# [ACTIVITY]
Every record below is to be restated word for word, and no picture is to be copied.

# [SUPPLIED DATA]
==*==

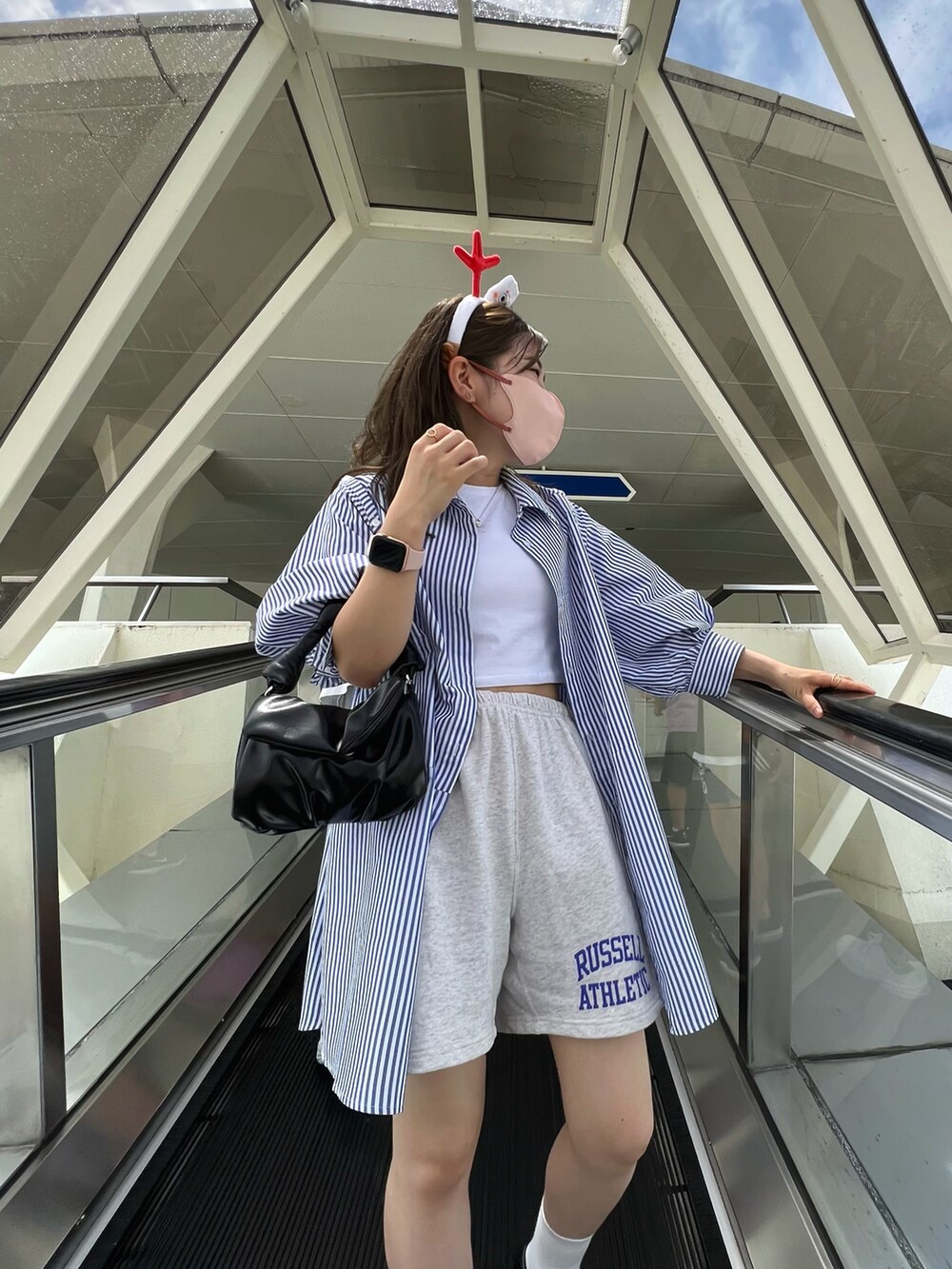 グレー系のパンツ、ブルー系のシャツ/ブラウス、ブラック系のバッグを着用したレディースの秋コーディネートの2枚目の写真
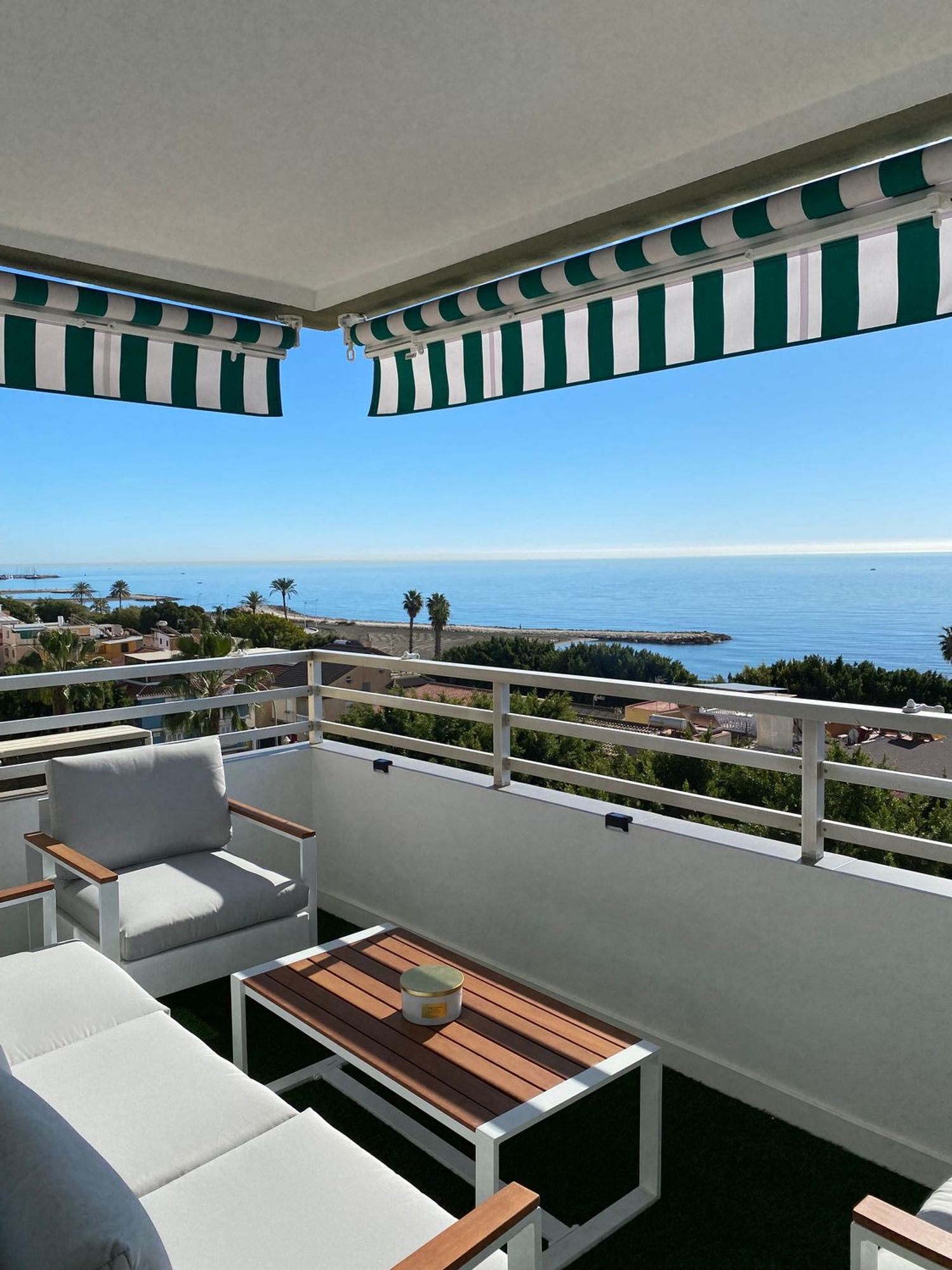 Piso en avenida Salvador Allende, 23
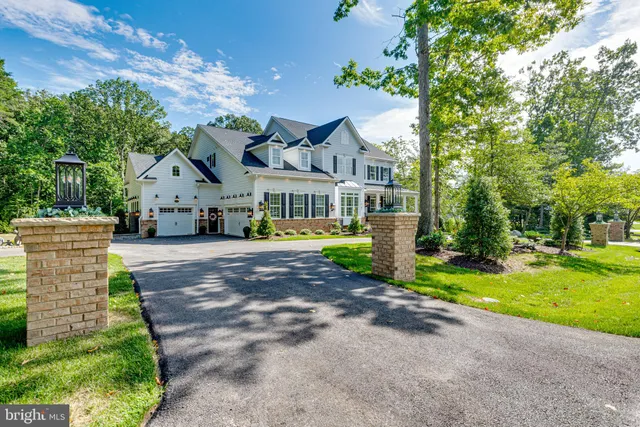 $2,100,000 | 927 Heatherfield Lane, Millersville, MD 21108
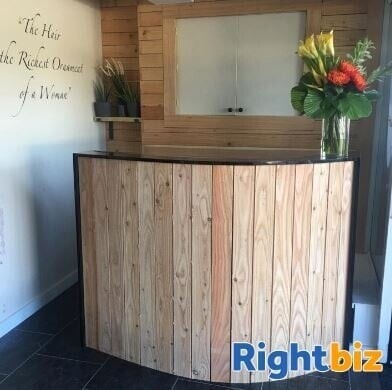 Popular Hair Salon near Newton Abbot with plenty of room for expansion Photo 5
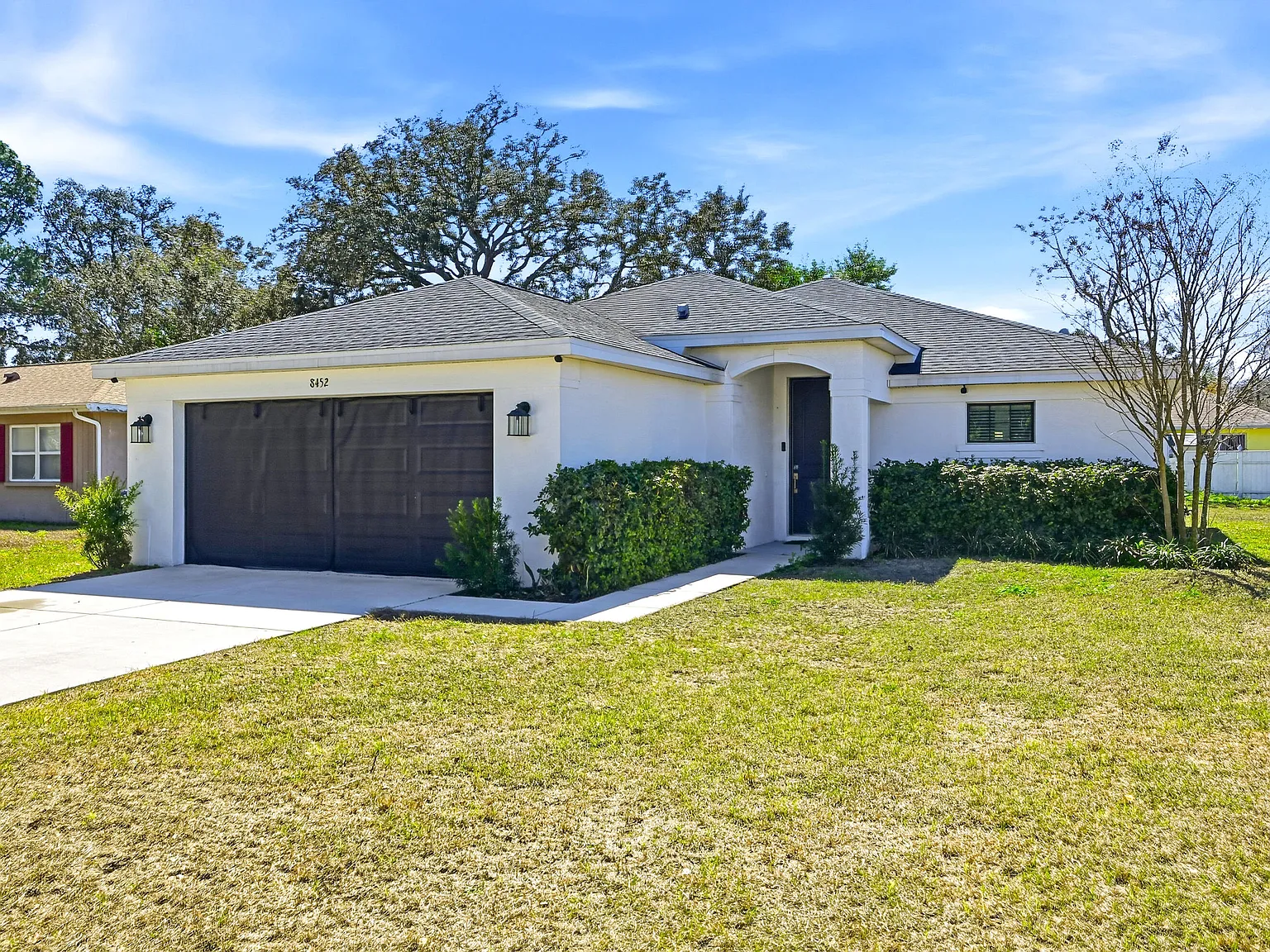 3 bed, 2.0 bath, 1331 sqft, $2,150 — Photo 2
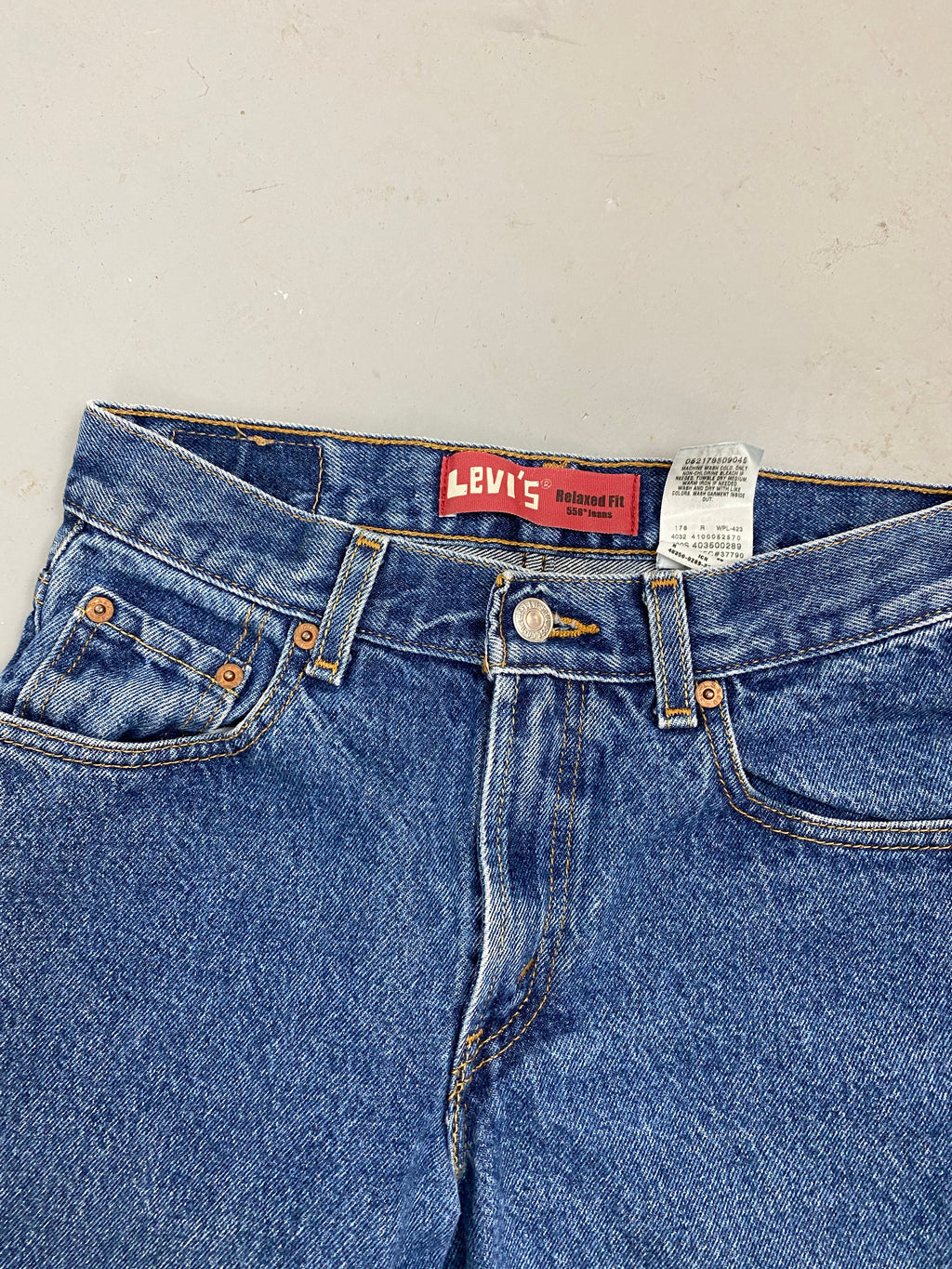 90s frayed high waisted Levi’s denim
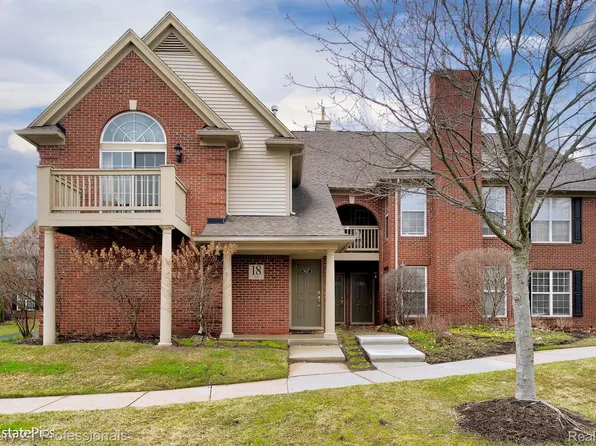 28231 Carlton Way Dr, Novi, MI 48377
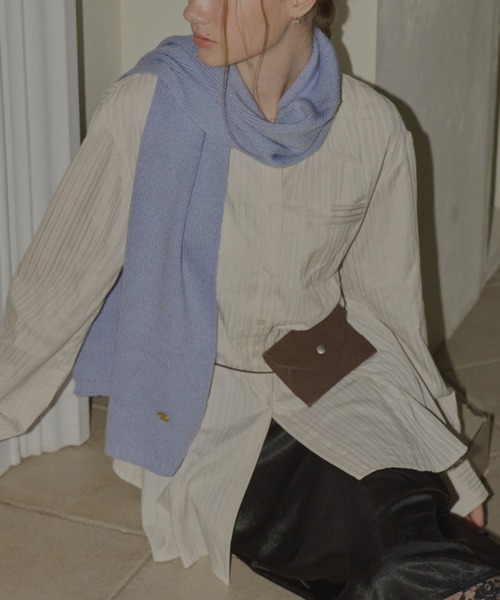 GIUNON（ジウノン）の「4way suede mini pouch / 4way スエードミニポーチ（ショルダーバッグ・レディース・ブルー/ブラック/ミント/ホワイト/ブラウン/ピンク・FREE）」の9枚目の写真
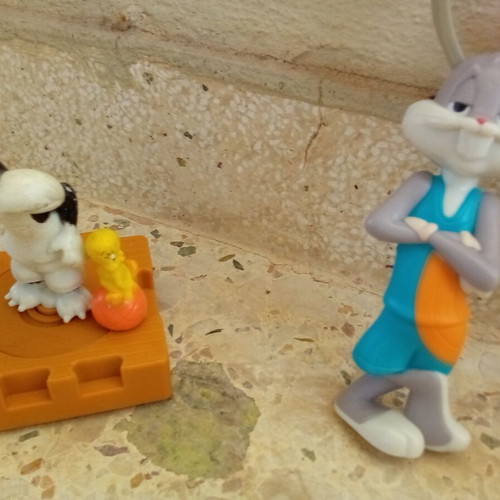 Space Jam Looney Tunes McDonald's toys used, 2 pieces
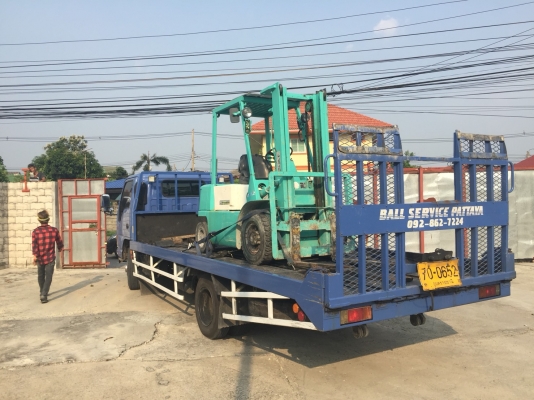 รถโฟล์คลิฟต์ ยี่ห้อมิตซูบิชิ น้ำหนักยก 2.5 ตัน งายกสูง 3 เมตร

==*==

# [WRITTEN RESPONSE]
 グレー系のパンツ、ブルー系のシャツ/ブラウス、ブラック系のバッグを着用したレディースの秋コーディネートの2枚目の写真
 Piso en avenida Salvador Allende, 23
 $2,100,000 | 927 Heatherfield Lane, Millersville, MD 21108
 Popular Hair Salon near Newton Abbot with plenty of room for expansion Photo 5
 3 bed, 2.0 bath, 1331 sqft, $2,150 — Photo 2
 90s frayed high waisted Levi’s denim
 28231 Carlton Way Dr, Novi, MI 48377
 GIUNON（ジウノン）の「4way suede mini pouch / 4way スエードミニポーチ（ショルダーバッグ・レディース・ブルー/ブラック/ミント/ホワイト/ブラウン/ピンク・FREE）」の9枚目の写真
 Space Jam Looney Tunes McDonald's toys used, 2 pieces
 รถโฟล์คลิฟต์ ยี่ห้อมิตซูบิชิ น้ำหนักยก 2.5 ตัน งายกสูง 3 เมตร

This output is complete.